En concreto, la legalización, la compra y la venta controlada por el Estado, reduciría considerablemente el tráfico clandestino, en la medida en que los consumidores no se verían obligados a acudir a los «camellos» callejeros para adquirir su dosis. Y ello por dos razones, en primer lugar, porque podrían hacerlo a un precio inferior en los establecimientos habilitados para la venta y, en segundo lugar, porque la calidad del producto, sometido a controles sanitarios, sería mejor.

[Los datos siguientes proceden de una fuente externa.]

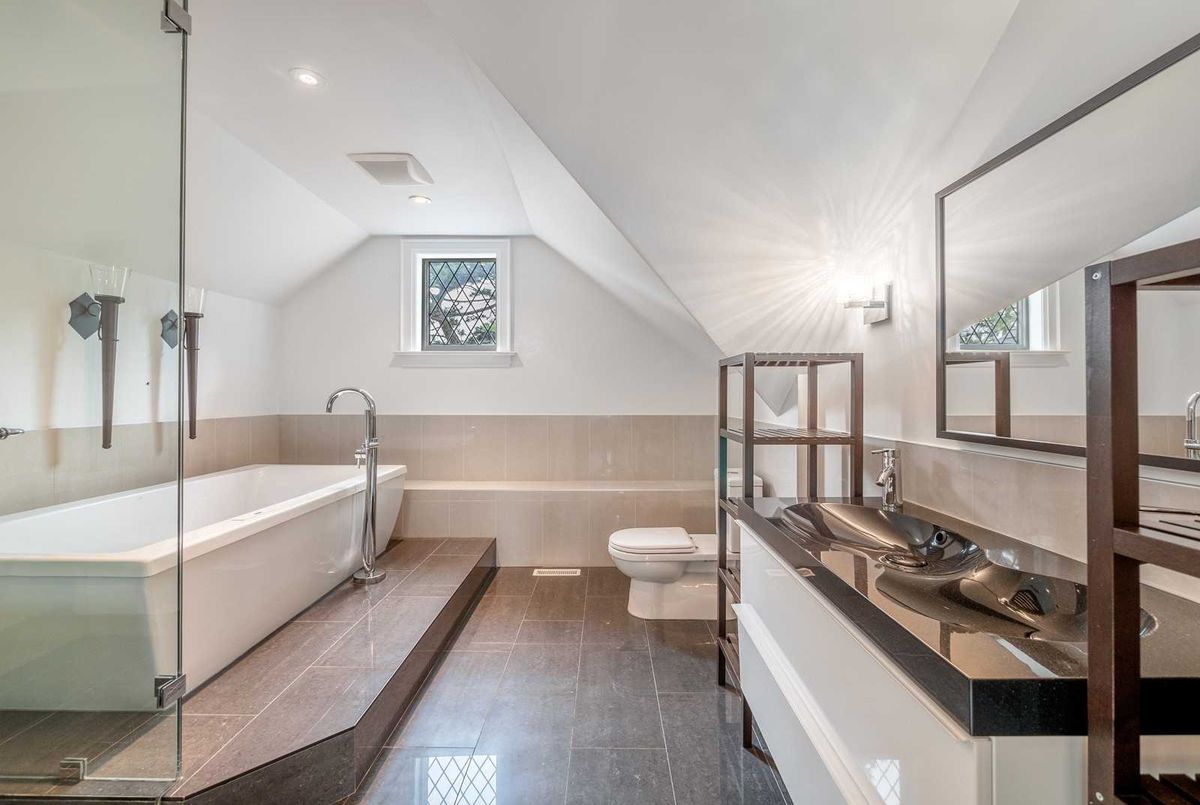 373 Glengrove Avenue W 373 Glengrove Avenue W Toronto C04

Las mafias, que ahora dominan el mercado ilegal, perderían su negocio y su influencia, porque no les resultaría rentable desplegar todo su entramado, que cuesta dinero, y mucho, para introducir en el país sustancias que los consumidores podrían adquirir con total libertad y más baratas en el local de la esquina. Así pues, la violencia asociada al tráfico de drogas disminuiría. Y no sólo la derivada del denominado «modelo de la compulsión económica», la comisión de delitos para financiar el coste del consumo, sino también la originada por el «modelo sistémico», la más peligrosa, la relacionada con el sórdido mundo del tráfico ilegal y su control: homicidios y asaltos en las operaciones de droga, eliminación de delatores y confidentes, disputas territoriales, etc.

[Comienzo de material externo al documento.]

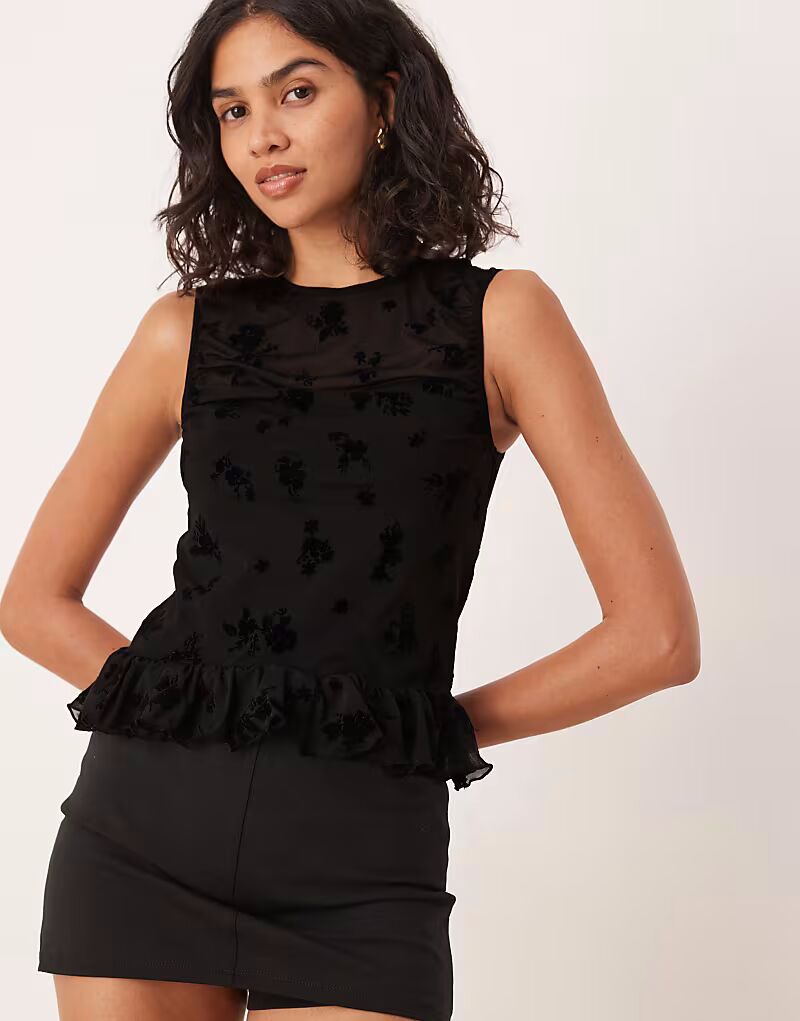 

Топ из флокированной сетки с рюшами и баской, черный Asos Design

Como consecuencia de ello, no serían necesarias muchas de las decenas de divisiones policiales que ahora existen para reprimir el tráfico ilegal de drogas. Seguiría habiendo, pero muy poco, casi residual. De modo que, los cientos de millones de euros que se invierten en este trabajo policial y judicial podrían destinarse a otros fines, entre ellos, las campañas públicas de concienciación relacionadas con el consumo excesivo de drogas, de tabaco o de alcohol y los problemas de salud anejos a esta problemática.
La compraventa, además, estaría sujeta, al igual que el tabaco o el alcohol, a su correspondiente impuesto, lo cual supondría ingresos para el Estado, que, unidos a la reducción de gasto antes mencionada, incrementarían notablemente las arcas públicas y, por ende, la calidad de los servicios públicos en beneficio del ciudadano.

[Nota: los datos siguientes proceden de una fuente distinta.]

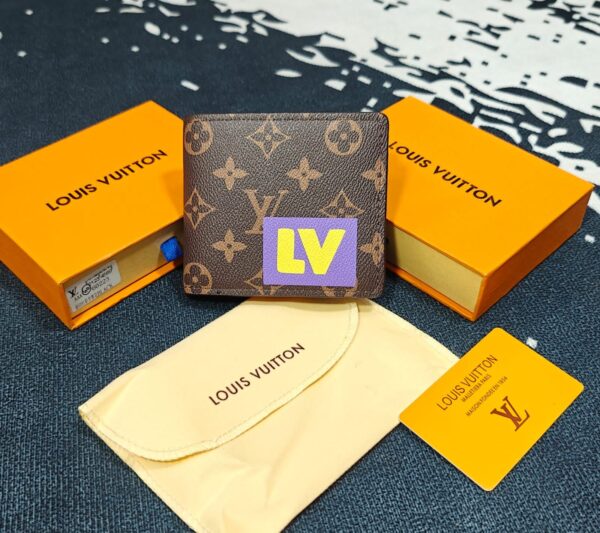 BIG BRANDS MENS WALLETS AND BELTS (VISIBLE IN IMAGE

Pero hay más. Si el cannabis estuviera sujeto a controles sanitarios oficiales y se vendiese en locales autorizados, esto sería garantía de que el producto no estaría adulterado con otras sustancias que, en ocasiones, sí pueden afectar gravemente a la salud.
A veces, la opinión pública es confundida, puede que de propósito, y llevada a opinar que la legalización equivaldría a una suerte de promoción del consumo de drogas por parte del Estado. Y no es así. Porque en los países donde se ha tomado la decisión de regularizar una realidad que jamás va a eliminarse con sanciones o medidas restrictivas, aquélla ha sido acompañada por medidas educativas y de concienciación de los efectos derivados del consumo. El tabaco es legal. El alcohol es legal. Y el Estado no fomenta su consumo. Al revés. ¿Por qué no hacer lo mismo con el cannabis?
Además, en un régimen democrático, donde la libertad de las personas se presupone lo más importante, el fundamento de todo el sistema, debería primar la libre decisión del individuo acerca de su diario proceder, siempre que, por supuesto, no perjudique de forma manifiesta a los demás. Un perjuicio que no existiría por el simple hecho de la legalización del cannabis. La función de un Estado democrático es la de garantizar la eficacia del derecho fundamental a la libertad. Que sea el ciudadano el que, a través de la formación adquirida, decida sin injerencias.
No nos engañemos. En la situación actual, incluso en los países donde se sanciona más severamente la posesión o la tenencia de drogas, se sigue consumiendo droga. Al igual que, en los Estados Unidos, en la época de la ley seca, se seguía bebiendo alcohol. La prohibición, pues, es absurda. Y sólo responde, bien a una moralidad determinada, bien a los intereses económicos de unos pocos bastante difusos.
El debate tiene que darse. Y los argumentos fundados de partidarios y detractores deben ser puestos de manifiesto. Una sociedad capaz de hacerlo, de llegar a acuerdos entre quienes piensan diferente, es la sociedad en la que, algún día, me gustaría vivir.